[Your goal]: Where the listing shows an image, skip it and output all other material unchanged.

-.-.-

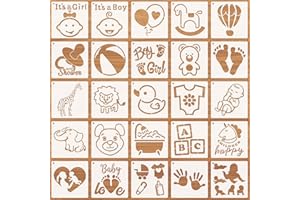 JSRQT 25 Pcs Baby Shower Stencils Baby Theme Fabric Painting Template Reusable DIY Craft Animal Stencil Set for Clothes Onesies Bibs Shirts Shoes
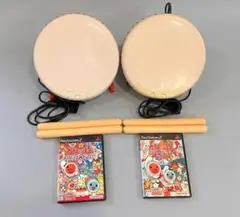 【太鼓の達人 2人プレイセット】タタコン2台 ＆ ソフト2本セット／PS2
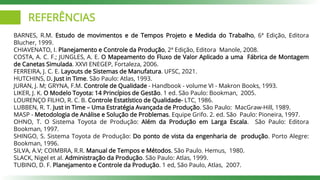REFERÊNCIAS
BARNES, R.M. Estudo de movimentos e de Tempos Projeto e Medida do Trabalho, 6ª Edição, Editora
Blucher, 1999.
CHIAVENATO, I. Planejamento e Controle da Produção, 2ª Edição, Editora Manole, 2008.
COSTA, A. C. F.; JUNGLES, A. E. O Mapeamento do Fluxo de Valor Aplicado a uma Fábrica de Montagem
de Canetas Simulada. XXVI ENEGEP, Fortaleza, 2006.
FERREIRA, J. C. E. Layouts de Sistemas de Manufatura. UFSC, 2021.
HUTCHINS, D. Just in Time. São Paulo: Atlas, 1993.
JURAN, J. M; GRYNA, F.M. Controle de Qualidade - Handbook - volume VI - Makron Books, 1993.
LIKER, J. K. O Modelo Toyota: 14 Princípios de Gestão. 1 ed. São Paulo: Bookman, 2005.
LOURENÇO FILHO, R. C. B. Controle Estatístico de Qualidade- LTC, 1986.
LUBBEN, R. T. Just in Time – Uma Estratégia Avançada de Produção. São Paulo: MacGraw-Hill, 1989.
MASP - Metodologia de Análise e Solução de Problemas. Equipe Grifo. 2. ed. São Paulo: Pioneira, 1997.
OHNO, T. O Sistema Toyota de Produção: Além da Produção em Larga Escala. São Paulo: Editora
Bookman, 1997.
SHINGO, S. Sistema Toyota de Produção: Do ponto de vista da engenharia de produção. Porto Alegre:
Bookman, 1996.
SILVA, A.V; COIMBRA, R.R. Manual de Tempos e Métodos. São Paulo. Hemus, 1980.
SLACK, Nigel et al. Administração da Produção. São Paulo: Atlas, 1999.
TUBINO, D. F. Planejamento e Controle da Produção. 1 ed, São Paulo, Atlas, 2007.
 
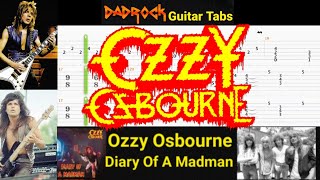 Diary Of A Madman  Ozzy Osbourne  Guitar  Bass TABS Lesson [upl. by Hegyera763]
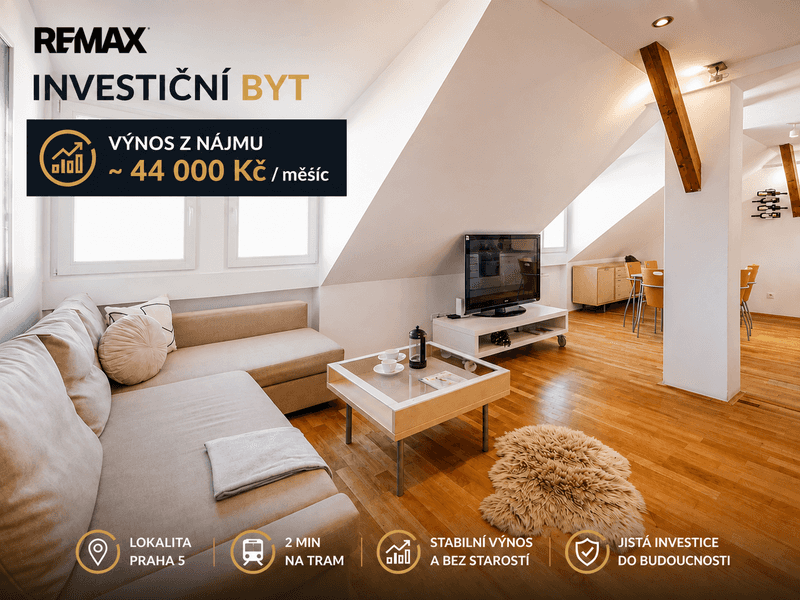 Prodej bytu 2+kk v osobním vlastnictví 73 m², Praha 5 - Smíchov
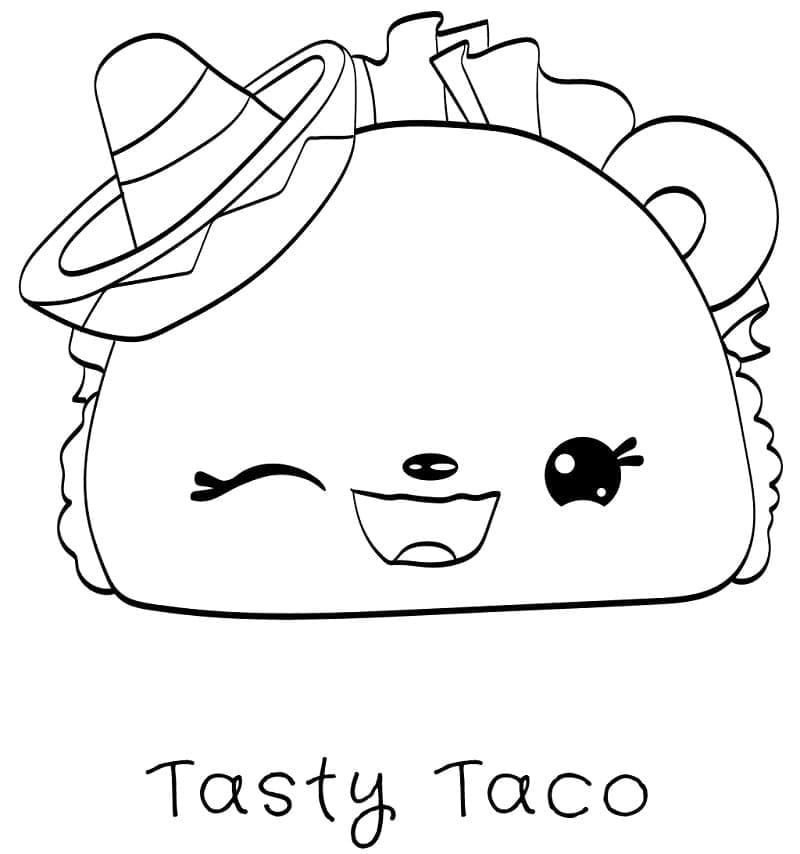 Num noms tasty taco coloring page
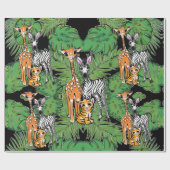 Safari vrienden, giraf, zebra, tijger, palmbladere cadeaupapier (Vlak)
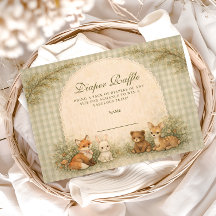 Vintage Woodland Baby Animals Diapper Raffle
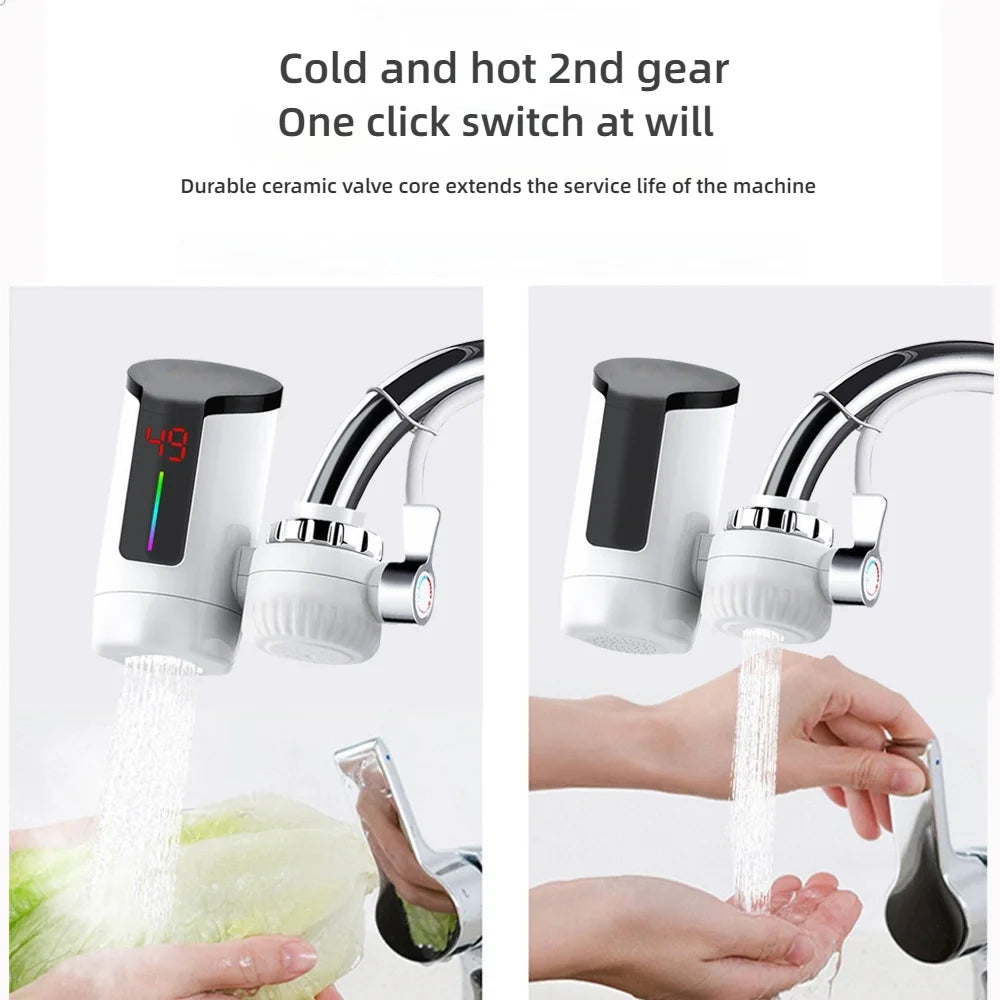 Electric Kitchen Sink Water Heater Tap Instant Hot Stainless Steel Water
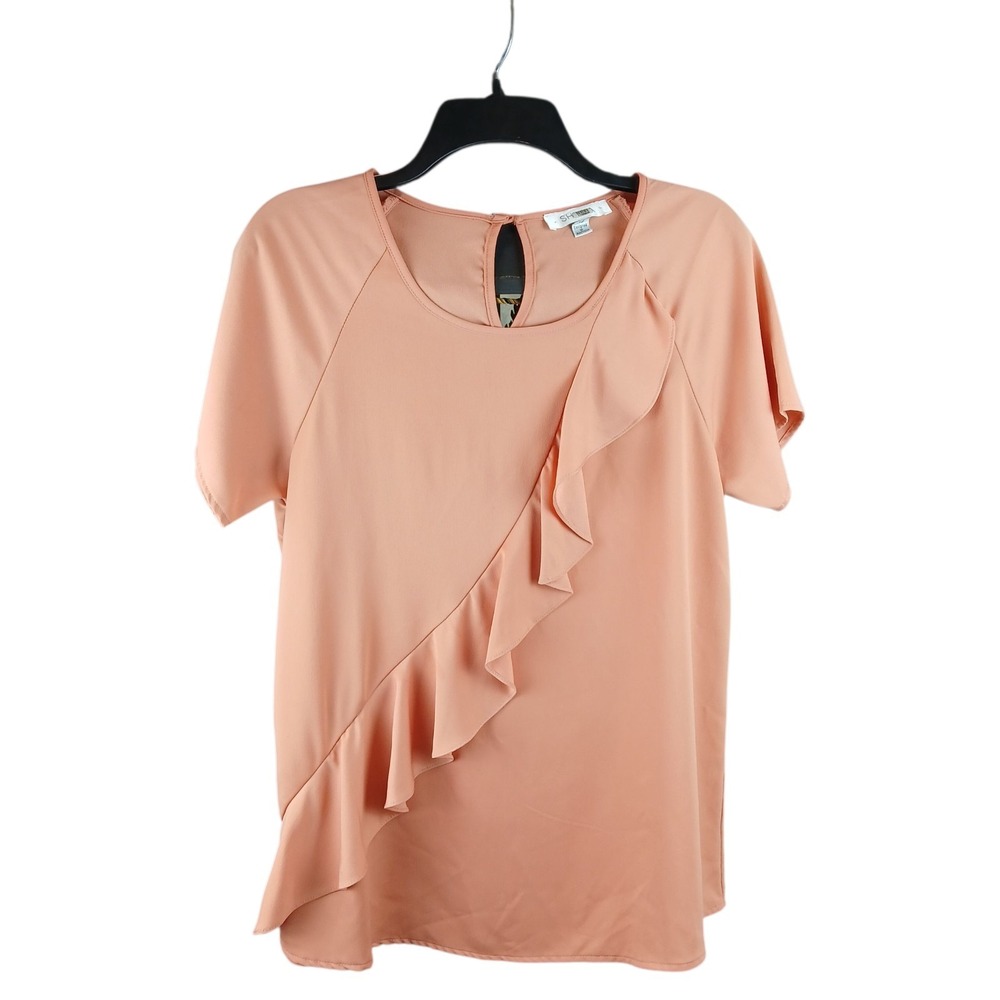 Shilla Womens  Short Sleeve Round Neck Ruffle Blouse  Size XS/S Peach Oversized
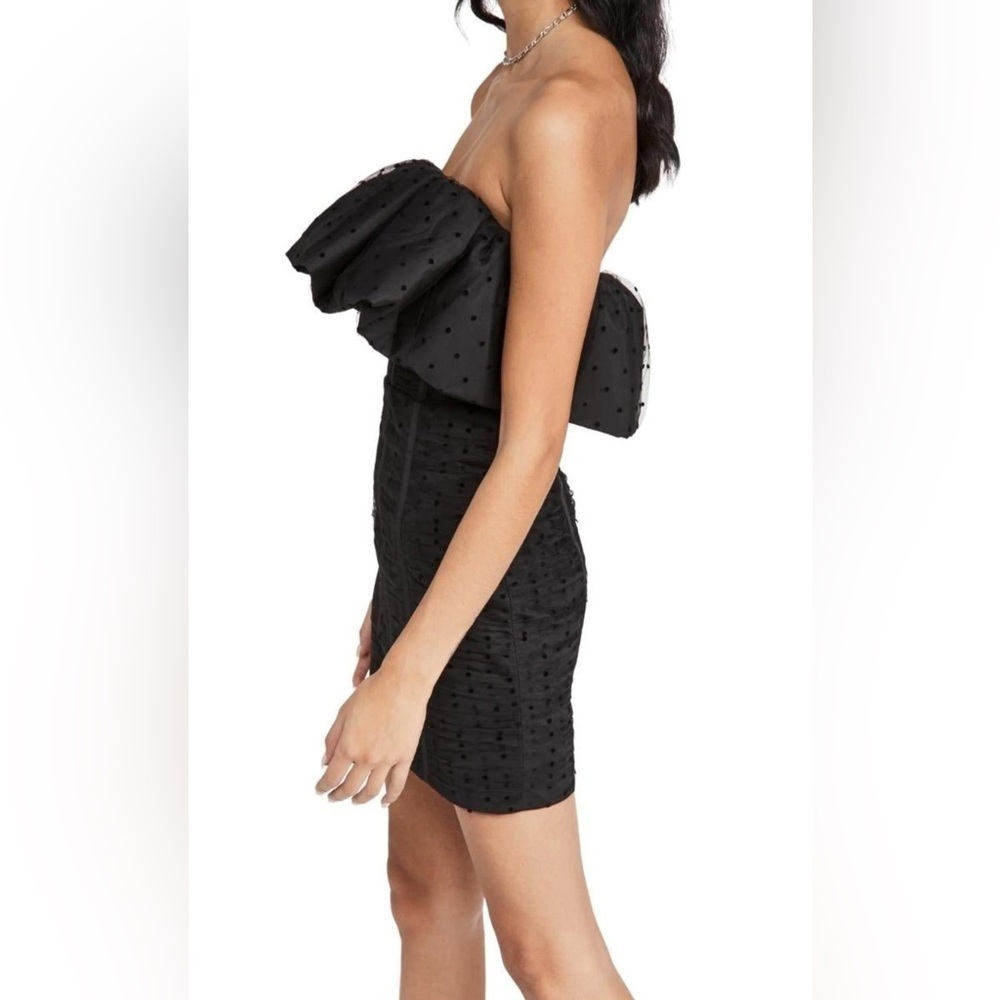 Self Portrait Black Dot Mesh Frill Mini Dress Strapless Swiss Dot Tulle Size 4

-.-.-

[Answer to this problem]:
 JSRQT 25 Pcs Baby Shower Stencils Baby Theme Fabric Painting Template Reusable DIY Craft Animal Stencil Set for Clothes Onesies Bibs Shirts Shoes
 【太鼓の達人 2人プレイセット】タタコン2台 ＆ ソフト2本セット／PS2
REFERÊNCIAS
BARNES, R.M. Estudo de movimentos e de Tempos Projeto e Medida do Trabalho, 6ª Edição, Editora
Blucher, 1999.
CHIAVENATO, I. Planejamento e Controle da Produção, 2ª Edição, Editora Manole, 2008.
COSTA, A. C. F.; JUNGLES, A. E. O Mapeamento do Fluxo de Valor Aplicado a uma Fábrica de Montagem
de Canetas Simulada. XXVI ENEGEP, Fortaleza, 2006.
FERREIRA, J. C. E. Layouts de Sistemas de Manufatura. UFSC, 2021.
HUTCHINS, D. Just in Time. São Paulo: Atlas, 1993.
JURAN, J. M; GRYNA, F.M. Controle de Qualidade - Handbook - volume VI - Makron Books, 1993.
LIKER, J. K. O Modelo Toyota: 14 Princípios de Gestão. 1 ed. São Paulo: Bookman, 2005.
LOURENÇO FILHO, R. C. B. Controle Estatístico de Qualidade- LTC, 1986.
LUBBEN, R. T. Just in Time – Uma Estratégia Avançada de Produção. São Paulo: MacGraw-Hill, 1989.
MASP - Metodologia de Análise e Solução de Problemas. Equipe Grifo. 2. ed. São Paulo: Pioneira, 1997.
OHNO, T. O Sistema Toyota de Produção: Além da Produção em Larga Escala. São Paulo: Editora
Bookman, 1997.
SHINGO, S. Sistema Toyota de Produção: Do ponto de vista da engenharia de produção. Porto Alegre:
Bookman, 1996.
SILVA, A.V; COIMBRA, R.R. Manual de Tempos e Métodos. São Paulo. Hemus, 1980.
SLACK, Nigel et al. Administração da Produção. São Paulo: Atlas, 1999.
TUBINO, D. F. Planejamento e Controle da Produção. 1 ed, São Paulo, Atlas, 2007.
 
 Diary Of A Madman  Ozzy Osbourne  Guitar  Bass TABS Lesson [upl. by Hegyera763]
 Prodej bytu 2+kk v osobním vlastnictví 73 m², Praha 5 - Smíchov
 Num noms tasty taco coloring page
 Safari vrienden, giraf, zebra, tijger, palmbladere cadeaupapier (Vlak)
 Vintage Woodland Baby Animals Diapper Raffle
 Electric Kitchen Sink Water Heater Tap Instant Hot Stainless Steel Water
 Shilla Womens  Short Sleeve Round Neck Ruffle Blouse  Size XS/S Peach Oversized
 Self Portrait Black Dot Mesh Frill Mini Dress Strapless Swiss Dot Tulle Size 4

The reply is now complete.